אך את מטה לוי לא תפקד וגו’ בתוך בני ישראל (פרק א פסוק מט)

Hashem commands Moshe to count the entire Jewish nation but specifies that Levi should have their own separate counting. This is reiterated two more times, emphasizing that the Levites should not be included in the general census. Rashi explains that the reason for their separation is because there would be a decree in the future that everyone above 20 who was included in the count would need to die in the desert and Hashem did not want Levi to be included in that. The Medrash clarifies that even though Levi would not sin together with the rest of the Jews, had they been counted with them, they would have died with them. R’ Chaim Shmulevitz sees from here that there is a unique power to a כלל, a group. When one is part of a group, they are included with them for good or for bad, even if they did not act in the same way as the rest of the group. He explains this concept; a group is considered a new entity unto itself, not just many people together. Therefore, decisions about the group apply to the entire entity. By the Leviim we find that their inclusion would have been detrimental, but we find this concept in a positive way as well. Before we received the Torah it says, “And he, Yisroel, camped opposite the mountain”. Rashi comments that the singular description of Yisroel is because at that point we were as “one man with one heart”. The Ohr Hachaim explains that this was a necessary step before receiving the Torah. We needed to unite as one nation, with complete solidarity, to turn into one entity of Yisroel, to receive the Torah.

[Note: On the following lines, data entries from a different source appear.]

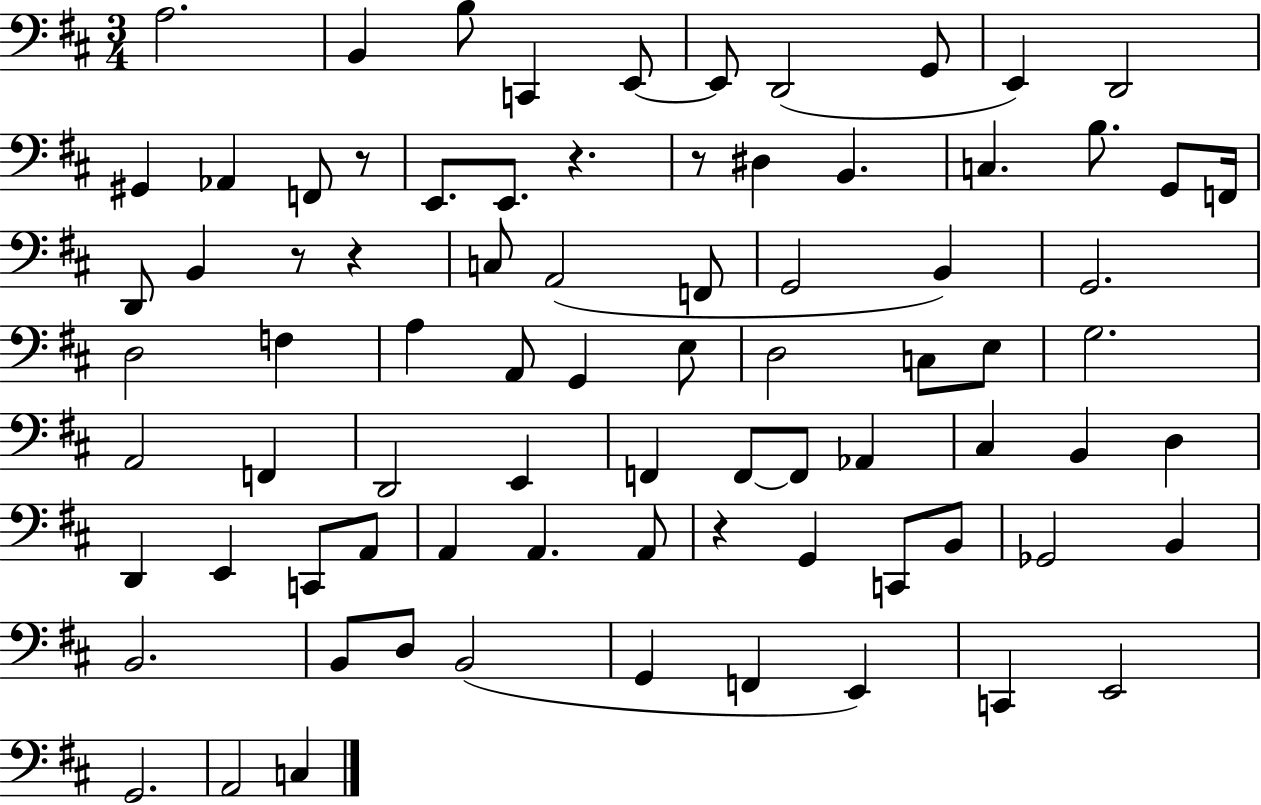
A3/h. B2/q B3/e C2/q E2/e E2/e D2/h G2/e E2/q D2/h G#2/q Ab2/q F2/e R/e E2/e. E2/e. R/q. R/e D#3/q B2/q. C3/q. B3/e. G2/e F2/s D2/e B2/q R/e R/q C3/e A2/h F2/e G2/h B2/q G2/h. D3/h F3/q A3/q A2/e G2/q E3/e D3/h C3/e E3/e G3/h. A2/h F2/q D2/h E2/q F2/q F2/e F2/e Ab2/q C#3/q B2/q D3/q D2/q E2/q C2/e A2/e A2/q A2/q. A2/e R/q G2/q C2/e B2/e Gb2/h B2/q B2/h. B2/e D3/e B2/h G2/q F2/q E2/q C2/q E2/h G2/h. A2/h C3/q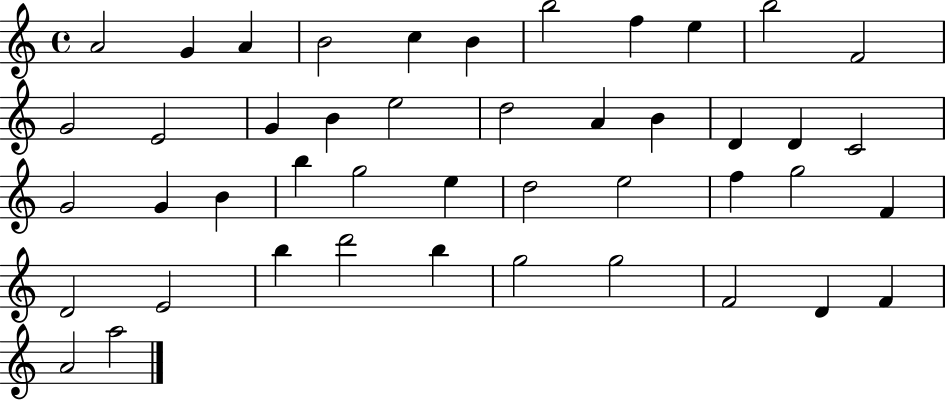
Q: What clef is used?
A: treble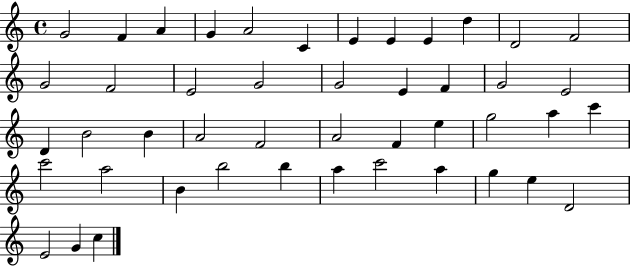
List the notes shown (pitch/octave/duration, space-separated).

G4/h F4/q A4/q G4/q A4/h C4/q E4/q E4/q E4/q D5/q D4/h F4/h G4/h F4/h E4/h G4/h G4/h E4/q F4/q G4/h E4/h D4/q B4/h B4/q A4/h F4/h A4/h F4/q E5/q G5/h A5/q C6/q C6/h A5/h B4/q B5/h B5/q A5/q C6/h A5/q G5/q E5/q D4/h E4/h G4/q C5/q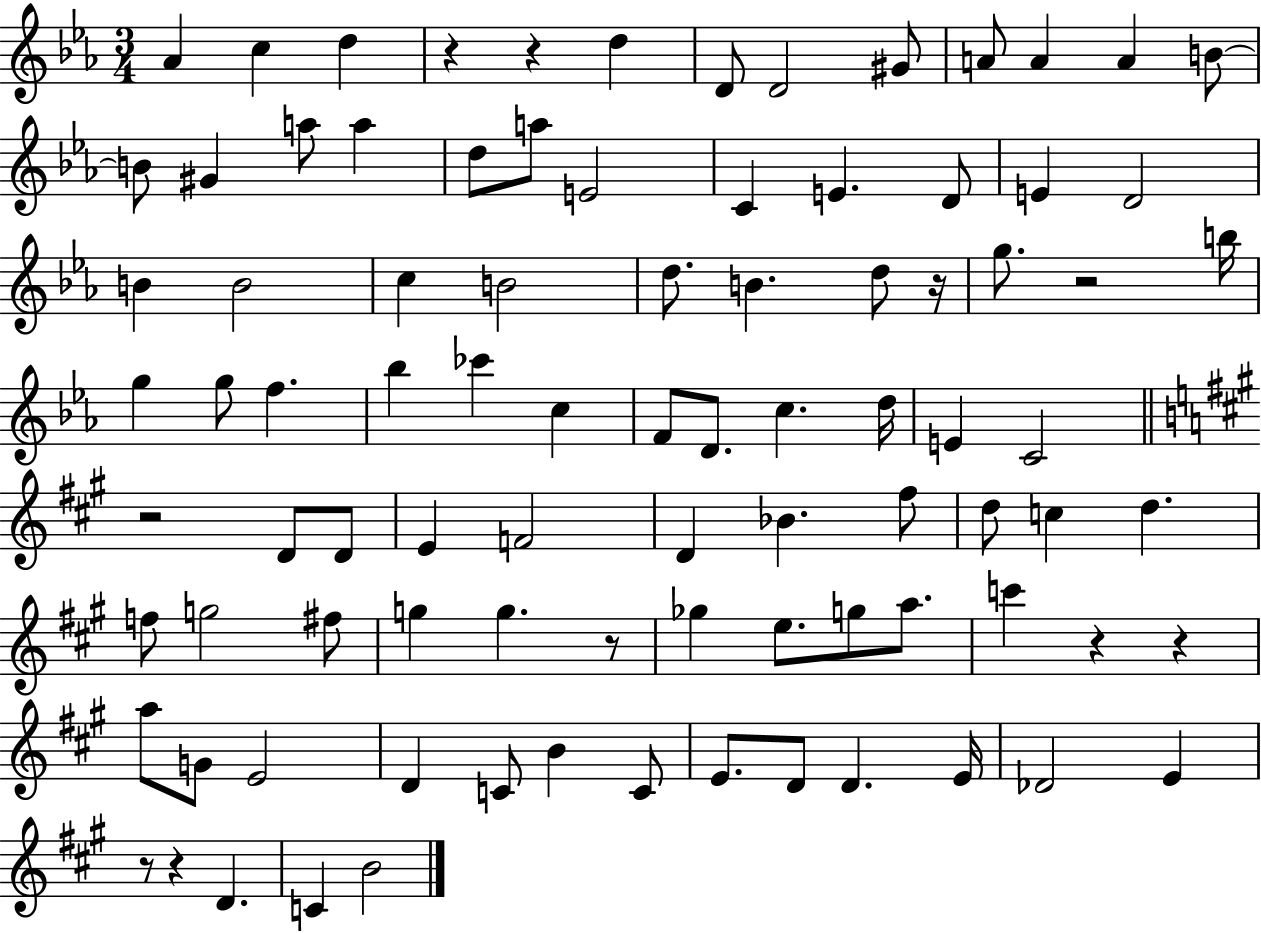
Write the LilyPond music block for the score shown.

{
  \clef treble
  \numericTimeSignature
  \time 3/4
  \key ees \major
  aes'4 c''4 d''4 | r4 r4 d''4 | d'8 d'2 gis'8 | a'8 a'4 a'4 b'8~~ | \break b'8 gis'4 a''8 a''4 | d''8 a''8 e'2 | c'4 e'4. d'8 | e'4 d'2 | \break b'4 b'2 | c''4 b'2 | d''8. b'4. d''8 r16 | g''8. r2 b''16 | \break g''4 g''8 f''4. | bes''4 ces'''4 c''4 | f'8 d'8. c''4. d''16 | e'4 c'2 | \break \bar "||" \break \key a \major r2 d'8 d'8 | e'4 f'2 | d'4 bes'4. fis''8 | d''8 c''4 d''4. | \break f''8 g''2 fis''8 | g''4 g''4. r8 | ges''4 e''8. g''8 a''8. | c'''4 r4 r4 | \break a''8 g'8 e'2 | d'4 c'8 b'4 c'8 | e'8. d'8 d'4. e'16 | des'2 e'4 | \break r8 r4 d'4. | c'4 b'2 | \bar "|."
}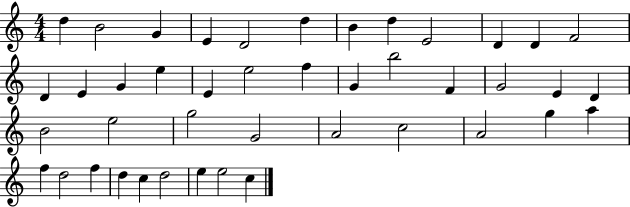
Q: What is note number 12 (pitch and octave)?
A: F4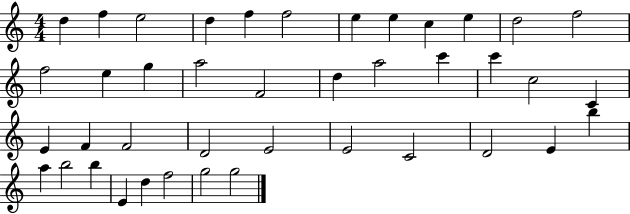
{
  \clef treble
  \numericTimeSignature
  \time 4/4
  \key c \major
  d''4 f''4 e''2 | d''4 f''4 f''2 | e''4 e''4 c''4 e''4 | d''2 f''2 | \break f''2 e''4 g''4 | a''2 f'2 | d''4 a''2 c'''4 | c'''4 c''2 c'4 | \break e'4 f'4 f'2 | d'2 e'2 | e'2 c'2 | d'2 e'4 b''4 | \break a''4 b''2 b''4 | e'4 d''4 f''2 | g''2 g''2 | \bar "|."
}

Only through that total unity were we able to accept the yoke of Torah on ourselves, and only with that unity can we continue to keep it.

מגילת רות

Many reasons are given as to why Megillas Rus is read on Shavuos. The שערי תשובה says it is because Dovid was born and died on Shavuos, and Megillas Rus details his lineage. The מגן אברהם says that it is to teach us that the way in which to truly acquire Torah is through difficulty. R’ Elya Boruch Finkel expounds on the מגן אברהם; we see that Rus had a very difficult life. She left her royal life in Moav to live in poverty amongst a foreign nation. She had little hope for getting married again, because the law that permitted her to convert was mostly unknown. All these difficulties, however, ended up fading away, she married Boaz, a great Torah scholar, and eventually lived to see her descendants reign as kings over the Jewish nation. This reminds us that while the beginning of observing and learning the Torah may be difficult, through persevering we can merit true greatness and closeness to Hashem.